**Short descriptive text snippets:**
..........

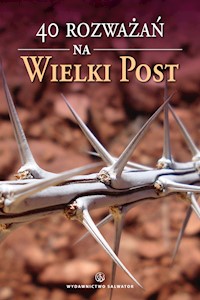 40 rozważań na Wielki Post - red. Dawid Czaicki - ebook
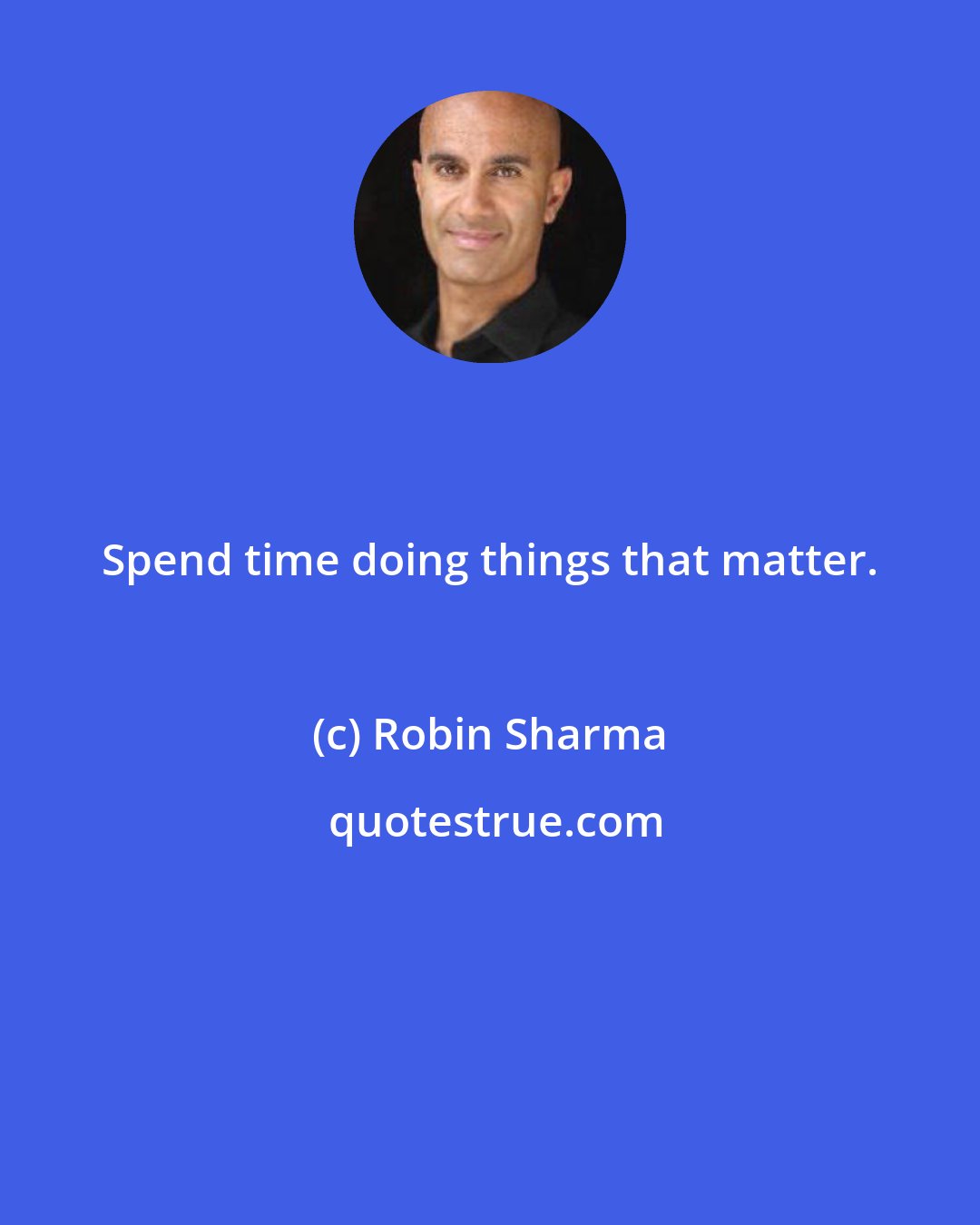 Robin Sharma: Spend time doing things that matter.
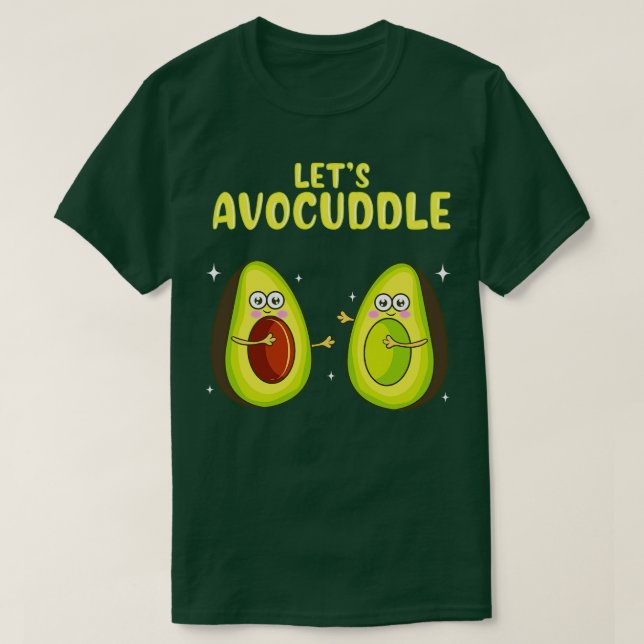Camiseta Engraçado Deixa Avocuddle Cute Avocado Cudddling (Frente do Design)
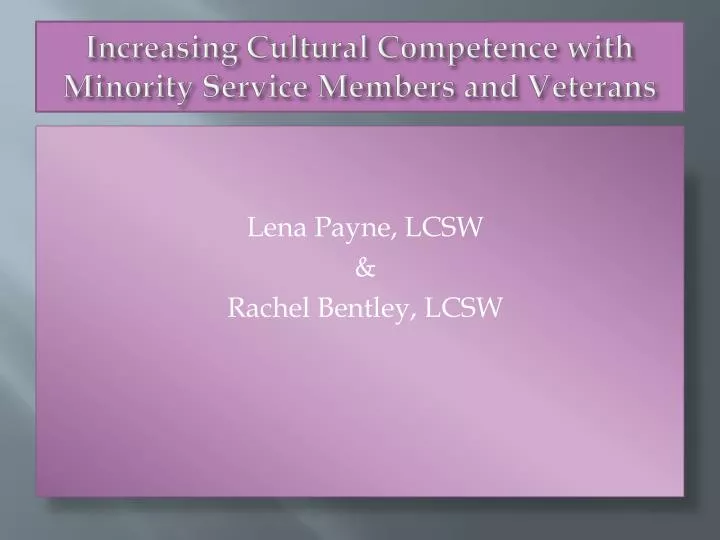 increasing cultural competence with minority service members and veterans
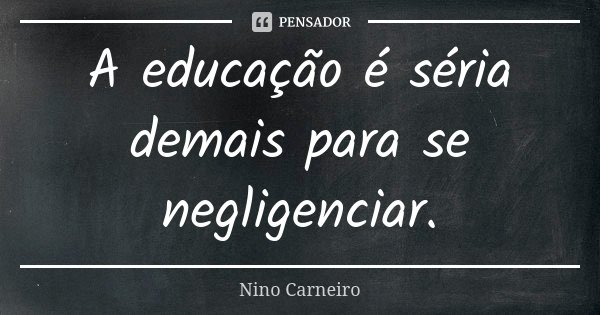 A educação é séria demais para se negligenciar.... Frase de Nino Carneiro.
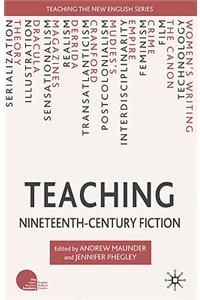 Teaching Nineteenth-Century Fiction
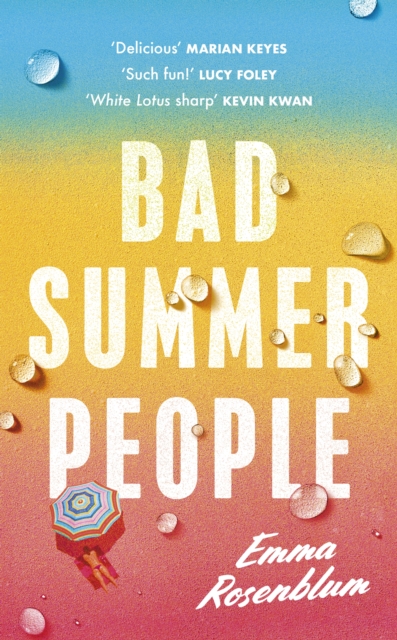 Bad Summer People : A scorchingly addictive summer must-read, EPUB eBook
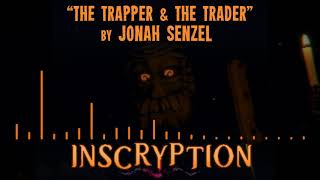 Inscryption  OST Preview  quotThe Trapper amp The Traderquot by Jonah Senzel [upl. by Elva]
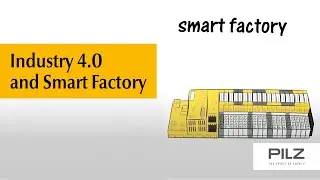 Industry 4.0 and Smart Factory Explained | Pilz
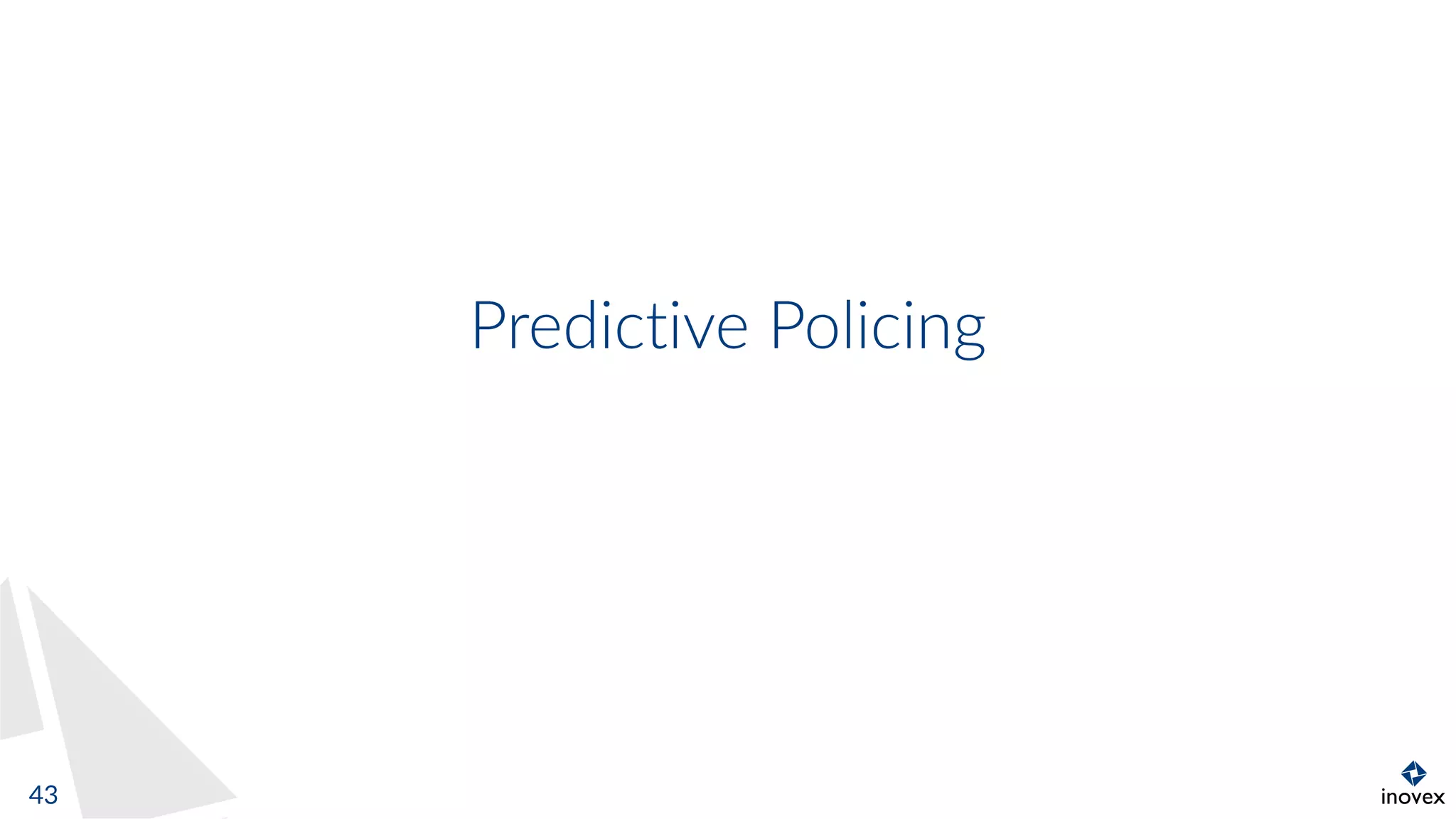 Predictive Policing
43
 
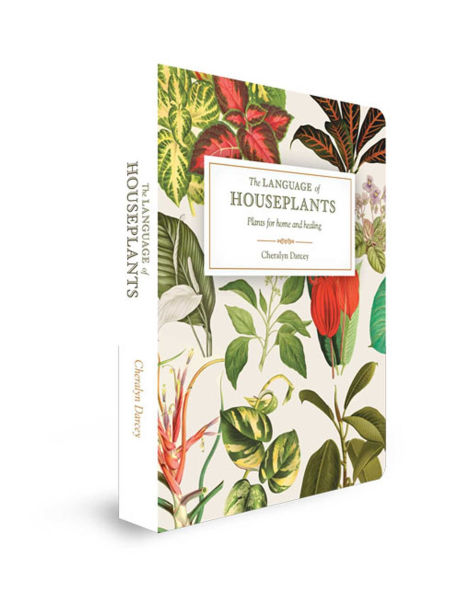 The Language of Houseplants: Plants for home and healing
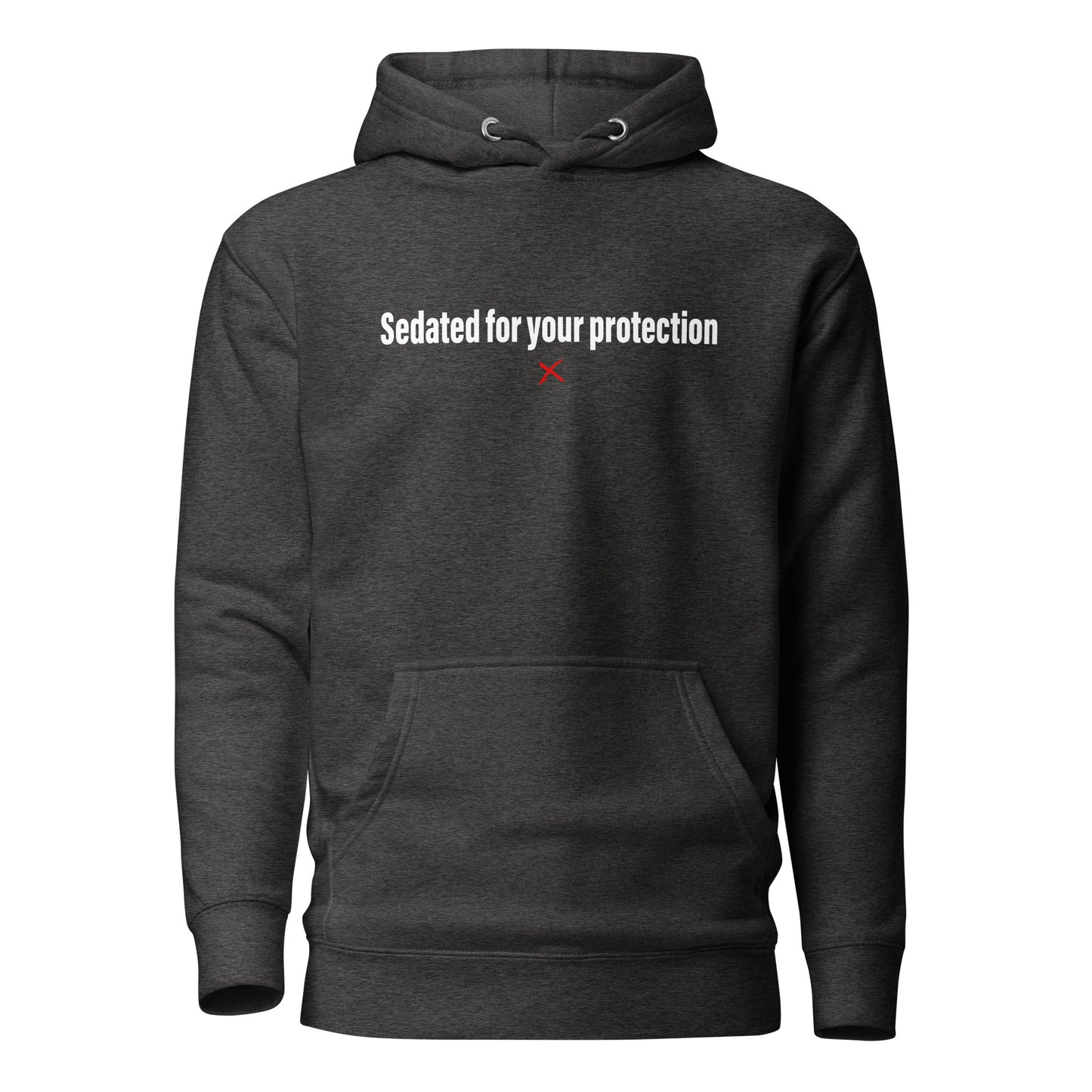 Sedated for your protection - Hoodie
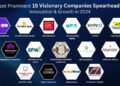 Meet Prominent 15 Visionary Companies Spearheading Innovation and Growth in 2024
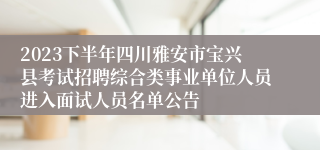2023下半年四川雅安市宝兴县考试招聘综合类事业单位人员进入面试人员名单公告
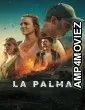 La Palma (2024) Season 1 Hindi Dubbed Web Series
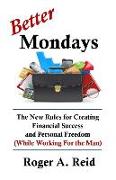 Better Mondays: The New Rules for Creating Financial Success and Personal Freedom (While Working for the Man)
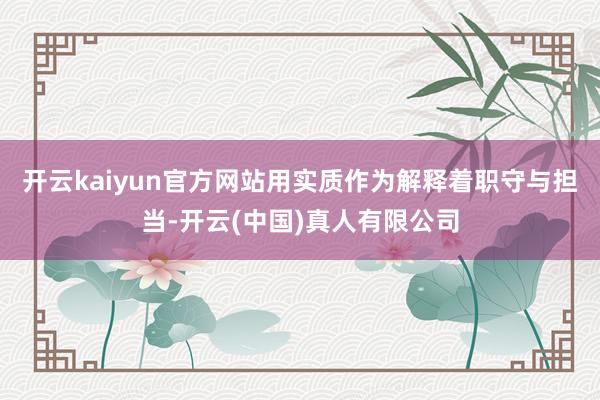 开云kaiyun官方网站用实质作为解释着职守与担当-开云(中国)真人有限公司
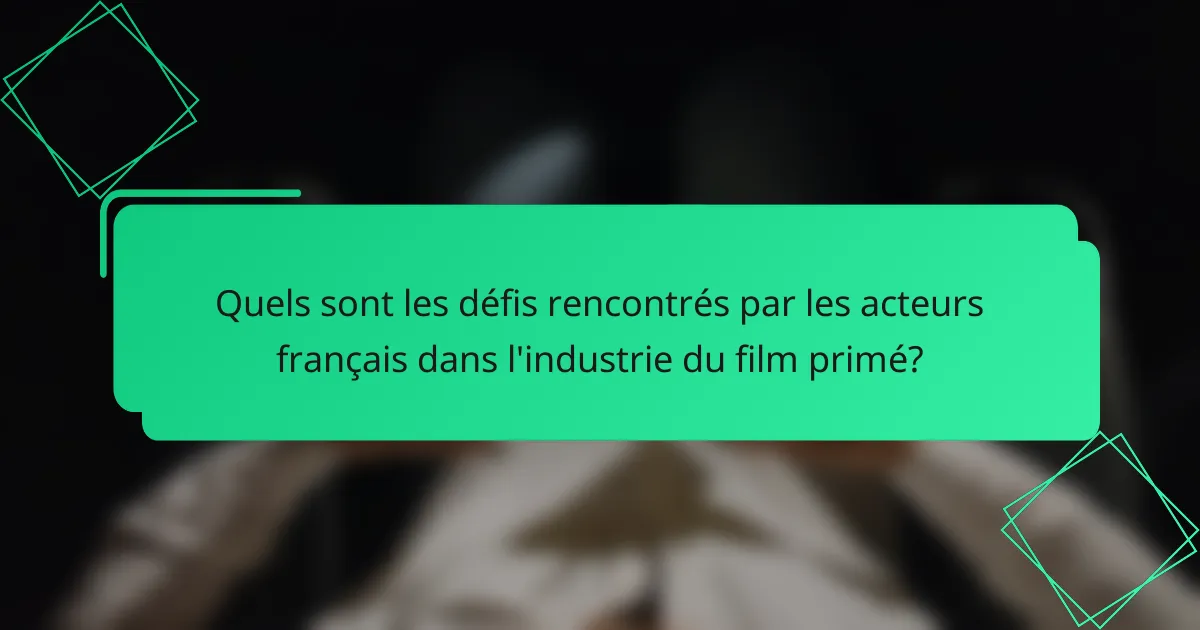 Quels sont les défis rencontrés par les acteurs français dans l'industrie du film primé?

..........

**What to work on:** Restate every line above exactly, omitting images.

**Answer space:**
 40 rozważań na Wielki Post - red. Dawid Czaicki - ebook
 Robin Sharma: Spend time doing things that matter.
Camiseta Engraçado Deixa Avocuddle Cute Avocado Cudddling (Frente do Design)
 increasing cultural competence with minority service members and veterans
 A educação é séria demais para se negligenciar.... Frase de Nino Carneiro.
 Teaching Nineteenth-Century Fiction
 Bad Summer People : A scorchingly addictive summer must-read, EPUB eBook
 Inscryption  OST Preview  quotThe Trapper amp The Traderquot by Jonah Senzel [upl. by Elva]
 Industry 4.0 and Smart Factory Explained | Pilz
 Predictive Policing
43
 
 The Language of Houseplants: Plants for home and healing
 Sedated for your protection - Hoodie
 Meet Prominent 15 Visionary Companies Spearheading Innovation and Growth in 2024
2023下半年四川雅安市宝兴县考试招聘综合类事业单位人员进入面试人员名单公告
 La Palma (2024) Season 1 Hindi Dubbed Web Series
 Better Mondays: The New Rules for Creating Financial Success and Personal Freedom (While Working for the Man)
 开云kaiyun官方网站用实质作为解释着职守与担当-开云(中国)真人有限公司
 Quels sont les défis rencontrés par les acteurs français dans l'industrie du film primé?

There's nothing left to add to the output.